The system is optimised for heat transfer within the body of the PCM and at the surface of each unit, which helps maximise and sustain cooling capacity. PCMs do not have an inherently high conductivity. BuroHappold has increased it by employing Raschig rings – small aluminium cylinders – that allow the system to maintain a higher cooling capacity for a longer period. This, effectively, increases thermal capacity and aids the discharge of accumulated heat.

At the surface, convective and radiative heat transfer is enhanced by using a radiant/absorbent surface and increasing natural convection with an optimised external fin configuration. This enables cooling capacity and heat discharge rates to be maximised.

As a modular system, an array can be sized according to the cooling load in a space, with the active cooling function ensuring that the desired cooling set points are always achieved. Each unit has an associated cooling capacity and thermal capacity. Arrays are sized with reference to the cooling load and the cooling capacity of each unit.

NewMass is installed in banks of four or eight units

The system is installed in banks of four or eight units, held in place by brackets hung from the ceiling slab. Each bank is connected to insulated pipework that can carry chilled and hot water. Balancing valves may be used at each point of connection, but – after commissioning – all control is achieved at the central plant, with no moving parts in the space served.

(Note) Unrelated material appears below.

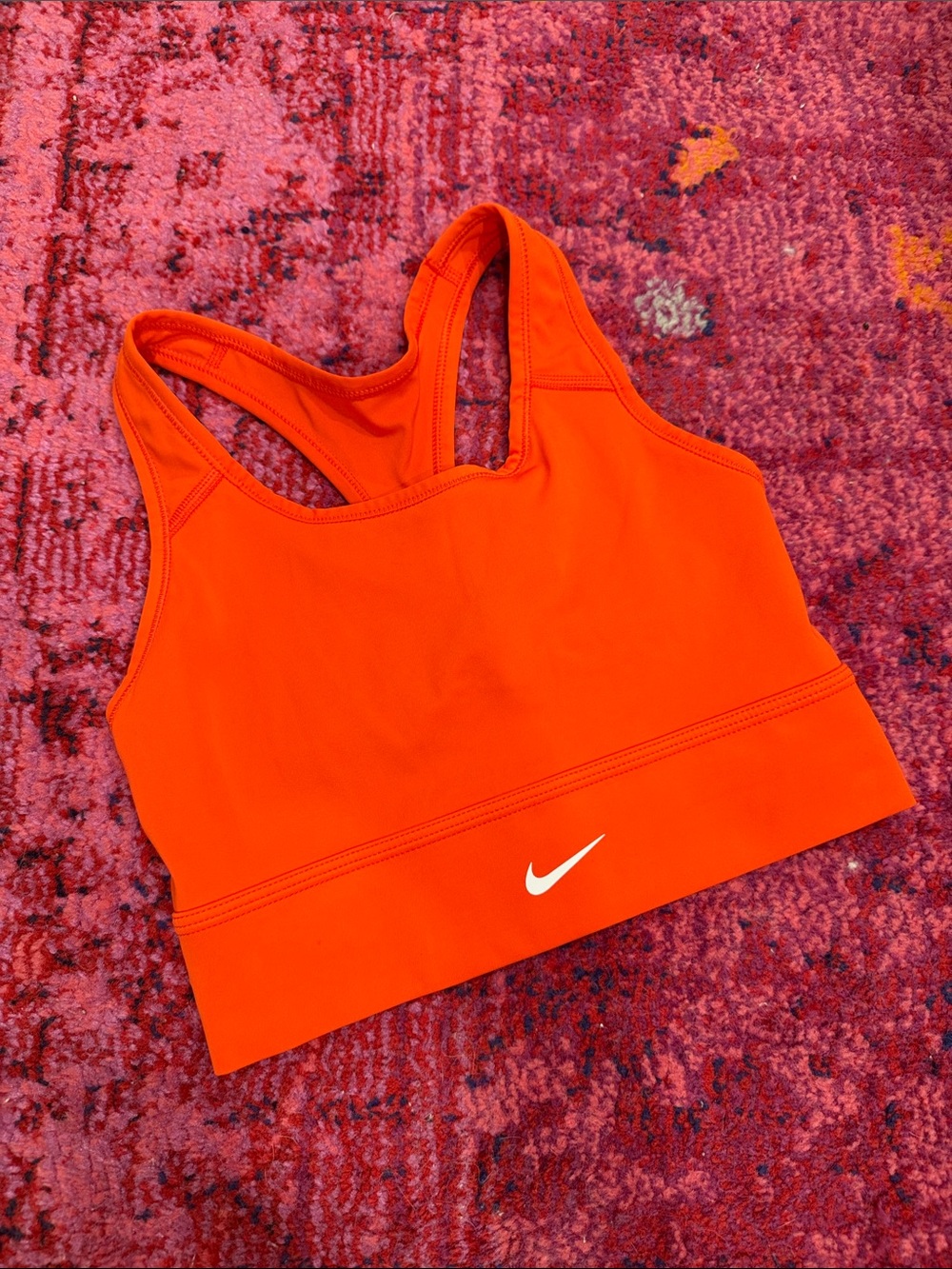 Nike Bright Orange Racerback Sports Bra with White Swoosh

An algorithm was developed to control all units, based on room air temperature, relative humidity and the state of phase of the PCM. This allows the units to absorb the maximum possible heat passively, before the chilled water loop engages. Passive discharge is prioritised by deferring active discharge until conditioned spaces become occupied.

Testing

A prototype design was tested at Brunel and compared against other commercially available, passive PCM products. The tests revealed competitive temperature moderation in passive mode and excellent temperature control during active operation.

Informed by the measured system characteristics, a bespoke modelling tool – coupled with IES VE software for full building modelling – gave a prediction of 34% energy savings for a typical UK office building.

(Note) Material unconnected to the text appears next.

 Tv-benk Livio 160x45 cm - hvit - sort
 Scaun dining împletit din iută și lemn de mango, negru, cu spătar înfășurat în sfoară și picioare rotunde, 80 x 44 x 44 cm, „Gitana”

BuroHappold partnered with ICE Architects and received funding from the Technology Strategy Board for development and installation of the system in Brentfield Primary School, Brent, London. The system was monitored for a year and tested in various modes of operation, including heating, to understand performance.

Results were used to calibrate an EnergyPlus integrated model of the system and building. This demonstrated 36% energy savings compared with a passive chilled beam system of the same capacity. The researchers also reported comparable, or improved, thermal comfort compared with existing passive systems.

The system performed similarly in terms of passive temperature control and far better than the alternatives in active mode, the team reported. The Brentfield school tests gave valuable calibration data, says Susman. ‘This allows us to model the system in alternative configurations, climates and building typologies – essential for demonstrating its potential in different markets.’

The units, designed to be disassembled and recyclable, are constructed of three main materials – PCM (SP21e, Rubitherm), aluminium and copper – plus fittings and a paint finish. Of these, only the fittings are composites.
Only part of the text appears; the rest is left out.